Le président ivoirien sortant Laurent Gbagbo restait jeudi retranché dans le bunker de sa résidence d'Abidjan alors que la situation sécuritaire se dégrade très rapidement dans la métropole ivoirienne, l'ambassadeur du Japon ayant même dû être secouru par l'armée française.

Après l'impasse politique et l'enlisement militaire, l'urgence humanitaire. La jadis prospère capitale économique est livrée aux pillards, les cadavres ne sont pas ramassés, le système de santé s'est effondré, l'eau et l'électricité sont souvent coupées et les réserves de nourriture baissent rapidement.

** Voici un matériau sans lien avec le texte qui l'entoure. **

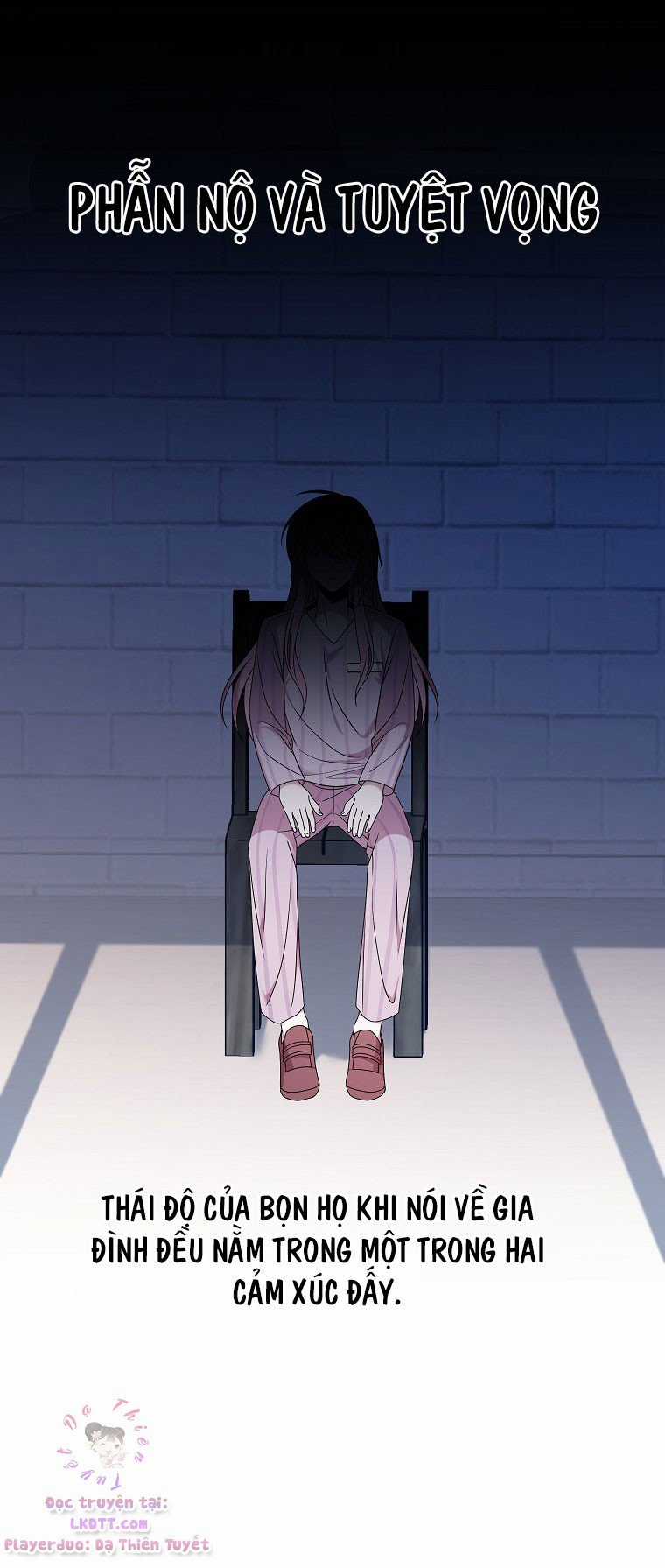 Tôi Gặp Nam Chính Trong Tù Chapter 11 trang 13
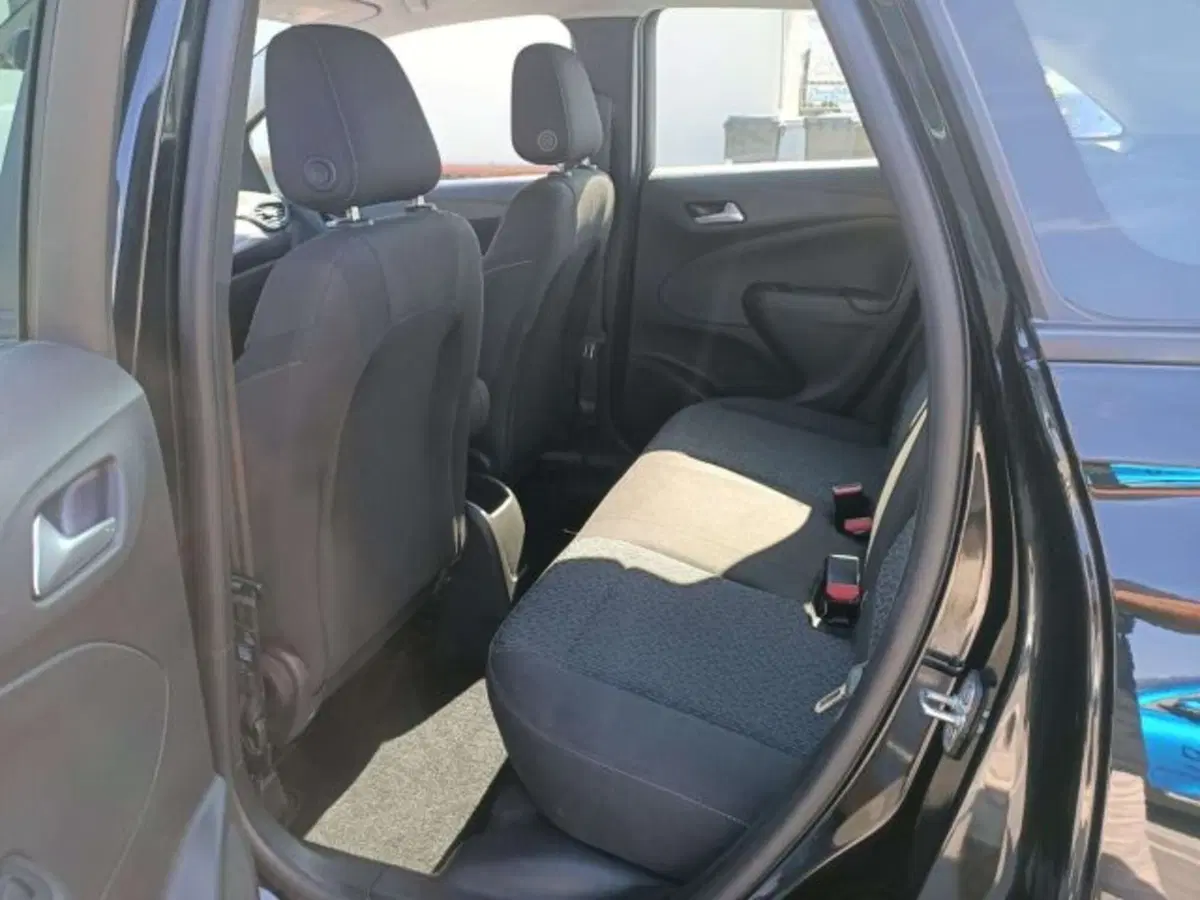 Opel Crossland usata a Firenze (8)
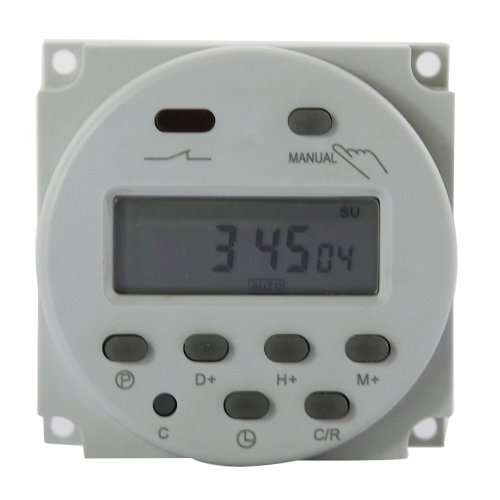 Top Best 5 programmable electric timer for sale 2016 BOOMSbeat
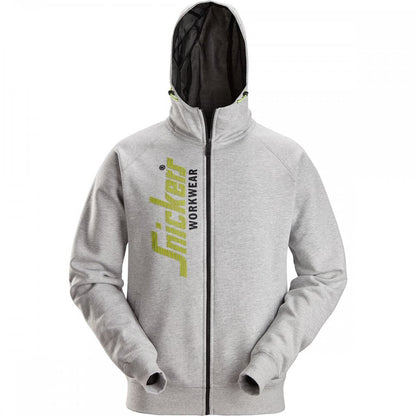 2846 Logo Super Heavyweight Full-Zip Hoodie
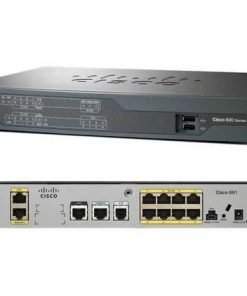 Cisco 881-K9 Ethernet Security Router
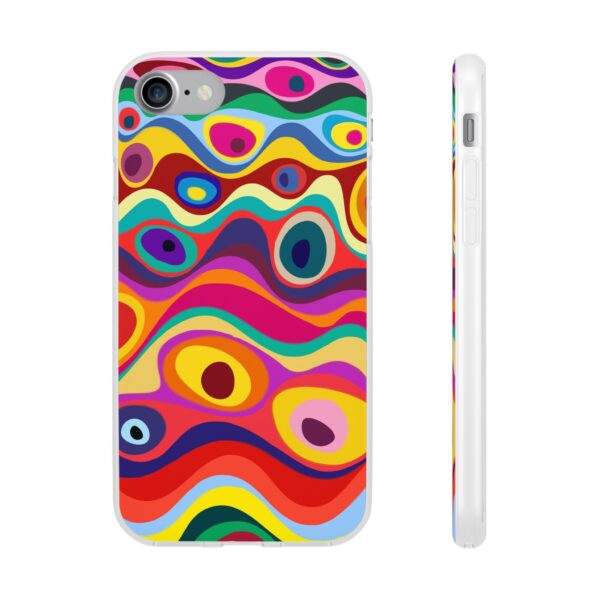 Illustrative Colorful Flexi Cases For iPhone and Samsung - Image 87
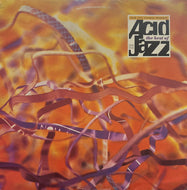 V.A. (K-COLLECTIVE, D-INFLUENCE, TERRY CALLIER) / The Best Of Acid Jazz (JAZID LP29, LP)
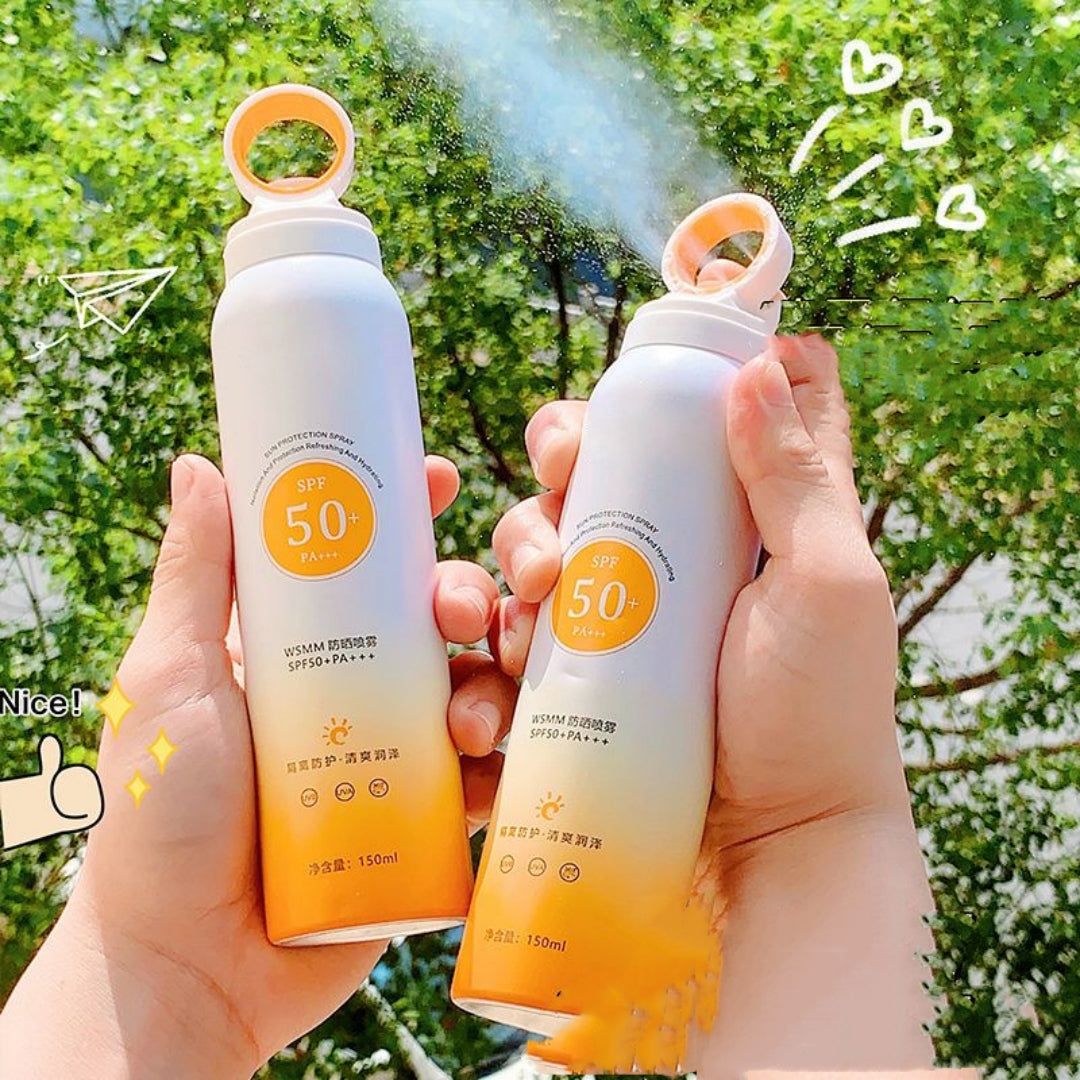 Summer Bestseller A Refreshing, Non-sticky Sunscreen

Des tirs sporadiques d'armes lourdes et légères étaient entendus jeudi matin autour du palais et de la résidence de Laurent Gbagbo, visée par des tirs français mercredi soir, ont rapporté des habitants et des journalistes de l'AFP.

Dans le quartier de Cocody (nord), abritant la résidence, «la nuit a été relativement calme. Il y a eu des tirs par intermittence mais pas d'assaut. Ce (jeudi) matin, on entend quelques fortes détonations et des rafales», a déclaré un habitant.

Une partie de l'armement utilisé pour défendre la résidence présidentielle a été visée par des tirs français mercredi soir lors de l'exfiltration de l'ambassadeur du Japon qui résidait dans le secteur.

La France a dit avoir «riposté» à des «tirs nourris des forces pro-Gbagbo». Mais selon une source militaire occidentale, durant près d'une heure et demie la France «a profité de l'occasion pour traiter un maximum d'objectifs de façon à réduire le potentiel de résistance de la résidence».

Les fidèles de M. Gbagbo, lourdement armés, avaient réussi quelques heures plus tôt à repousser l'assaut des forces d'Alassane Ouattara, reconnu président par la communauté internationale.

La force française Licorne a été aussi sollicitée par le gouvernement israélien pour exfiltrer ses diplomates en poste à Abidjan, a indiqué le chef de la diplomatie française Alain Juppé.

Pour lui, la chute de M. Gbagbo interviendra «inéluctablement», mais il ne s'est pas risqué à dire si ce serait une question de jours.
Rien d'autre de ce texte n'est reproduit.